Just checking in, were you able to get that tweeter out of there? If so, does anyone have any pictures with regard to how much room there is back there? I'd like to upgrade the tweeters in those locations but I'm concerned with how much space will be available.


----------



## BSObb (Jan 12, 2012)

ahhhh. so i was looking at the pictures that i took, and the lighting was pretty bad and you can't make much out.. should have taken more time to take good pictures, but i was in a rush. I'll do my best to explain though. theres three clips total, all on the side of the a-pillar that faces the middle of the car. The one very near the top has to do with the airbag I'm pretty sure. the male end of the clip which is actually clipped on the plastic piece of the a frame has a wire that connects to the female part. so once the plastic a frame cover is unclipped, you'll need to unhook that. theres also two clips, each about two to three inches above/below the centre of the cover. lastly, as you remove the cover you will need to lift it up as it extends slightly below the dash. 

As for how much space you have for the tweeters, there is a cut out just over an inch and half in diameter which is tons. that ring could probably also be removed if necessary.. but my point is that any reasonable tweeter should fit in there. i installed my type-r tweeters in there and had tons of room so i siliconed them down. space is not an issue.

like i said, sorry but the pictures really aren't worth putting up.. id have to just point out approximately where everything is. id take it apart again to show, but you really should have no problem. just use a panel removal tool and remember the clips aren't along the door frame side, but on the side that faces the centre of the car. pry it off from the top and it'll come off like a charm.


----------



## BSObb (Jan 12, 2012)

its not so much a cut out as a ring sitting on the back of the panel that the tweeter goes in*


----------



## XtremeRevolution (Jan 19, 2012)

Well, here's why I'm asking. I'm considering using some full range drivers for tweeters. Something of this sort:

Tang Band W2-803SM 2" Extended Range Speaker Driver 264-805

Its more of a mid-tweeter, which would be great for setting up a sound stage. I guess I'll have to remove the trim myself, but this is what I'd be trying to fit in there. 2.25" overall diameter and a 1.35" mounting depth. I'd rather not resort to a high crossed tweeter if I can help it. 
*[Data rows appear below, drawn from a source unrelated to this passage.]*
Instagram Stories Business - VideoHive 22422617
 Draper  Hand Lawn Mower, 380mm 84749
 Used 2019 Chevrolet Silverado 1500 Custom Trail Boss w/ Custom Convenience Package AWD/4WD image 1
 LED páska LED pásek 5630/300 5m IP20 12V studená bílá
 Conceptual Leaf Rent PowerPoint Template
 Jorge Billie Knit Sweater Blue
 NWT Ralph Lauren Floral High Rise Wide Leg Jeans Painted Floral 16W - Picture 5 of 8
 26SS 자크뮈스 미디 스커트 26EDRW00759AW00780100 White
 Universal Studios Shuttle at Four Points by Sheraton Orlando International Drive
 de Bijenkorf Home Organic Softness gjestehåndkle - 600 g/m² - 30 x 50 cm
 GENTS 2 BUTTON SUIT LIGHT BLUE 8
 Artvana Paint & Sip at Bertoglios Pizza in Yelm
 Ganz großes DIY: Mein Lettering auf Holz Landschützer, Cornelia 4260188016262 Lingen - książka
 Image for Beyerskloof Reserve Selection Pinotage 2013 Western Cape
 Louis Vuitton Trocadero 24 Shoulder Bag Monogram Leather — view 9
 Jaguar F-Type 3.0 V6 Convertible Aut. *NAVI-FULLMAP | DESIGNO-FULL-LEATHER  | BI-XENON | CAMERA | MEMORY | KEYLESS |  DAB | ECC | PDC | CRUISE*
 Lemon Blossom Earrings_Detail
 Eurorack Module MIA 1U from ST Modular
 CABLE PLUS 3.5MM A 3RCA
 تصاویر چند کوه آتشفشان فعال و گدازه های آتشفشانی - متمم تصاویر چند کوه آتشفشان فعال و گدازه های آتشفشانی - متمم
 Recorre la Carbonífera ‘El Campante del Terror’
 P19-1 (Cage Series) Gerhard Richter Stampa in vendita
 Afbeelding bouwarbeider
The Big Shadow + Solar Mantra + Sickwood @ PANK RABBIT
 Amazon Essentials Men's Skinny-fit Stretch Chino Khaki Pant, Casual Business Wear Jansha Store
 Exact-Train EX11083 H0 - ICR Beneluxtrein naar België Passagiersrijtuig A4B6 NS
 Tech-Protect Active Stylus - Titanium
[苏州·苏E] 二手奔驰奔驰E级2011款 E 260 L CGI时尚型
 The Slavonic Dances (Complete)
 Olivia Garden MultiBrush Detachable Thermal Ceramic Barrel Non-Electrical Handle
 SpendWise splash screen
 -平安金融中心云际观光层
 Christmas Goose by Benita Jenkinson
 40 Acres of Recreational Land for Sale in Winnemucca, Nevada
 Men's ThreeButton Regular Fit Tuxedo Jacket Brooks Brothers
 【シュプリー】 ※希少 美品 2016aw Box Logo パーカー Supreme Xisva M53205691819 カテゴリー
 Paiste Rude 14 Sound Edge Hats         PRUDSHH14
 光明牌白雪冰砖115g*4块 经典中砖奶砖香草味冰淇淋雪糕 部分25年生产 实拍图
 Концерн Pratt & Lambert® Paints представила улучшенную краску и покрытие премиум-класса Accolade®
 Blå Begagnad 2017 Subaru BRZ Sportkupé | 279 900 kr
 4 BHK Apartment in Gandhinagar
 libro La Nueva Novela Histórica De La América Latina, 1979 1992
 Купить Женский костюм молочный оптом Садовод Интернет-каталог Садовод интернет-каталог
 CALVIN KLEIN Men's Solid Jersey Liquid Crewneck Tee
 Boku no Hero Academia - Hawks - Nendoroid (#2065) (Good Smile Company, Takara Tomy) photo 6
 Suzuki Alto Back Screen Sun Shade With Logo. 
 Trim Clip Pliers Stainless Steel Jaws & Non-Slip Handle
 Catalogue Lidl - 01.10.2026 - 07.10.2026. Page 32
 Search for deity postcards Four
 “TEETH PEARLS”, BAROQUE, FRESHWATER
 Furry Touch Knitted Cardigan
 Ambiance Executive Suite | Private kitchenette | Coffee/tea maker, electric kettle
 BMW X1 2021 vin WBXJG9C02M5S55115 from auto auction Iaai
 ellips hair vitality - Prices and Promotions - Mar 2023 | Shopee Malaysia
If it is easy to take that trim panel off though, I can probably take it off and get some measurements. Its great to know that there's a lot of clearance though.


----------



## fredmr (Dec 22, 2011)

What do you guys think of the stock tweeter locations? I experimented with them when I was putting my components in, but found the factory tweeter location very limiting (without modifying the tweeter grille) for the sound stage I was hoping for. They seemed too far angled toward the windshield / across the car for my tastes, and at the same time not angled enough at the windshield for good reflections like an upstage tweeter. Because of this, I opted for a set that allowed coaxial mounting of the tweeters because I wasn't crazy about custom mounting them elsewhere (yet). I know everyone has their preferences - but was curious how you like your results.


----------



## XtremeRevolution (Jan 19, 2012)

fredmr said:


> What do you guys think of the stock tweeter locations? I experimented with them when I was putting my components in, but found the factory tweeter location very limiting (without modifying the tweeter grille) for the sound stage I was hoping for. They seemed too far angled toward the windshield / across the car for my tastes, and at the same time not angled enough at the windshield for good reflections like an upstage tweeter. Because of this, I opted for a set that allowed coaxial mounting of the tweeters because I wasn't crazy about custom mounting them elsewhere (yet). I know everyone has their preferences - but was curious how you like your results.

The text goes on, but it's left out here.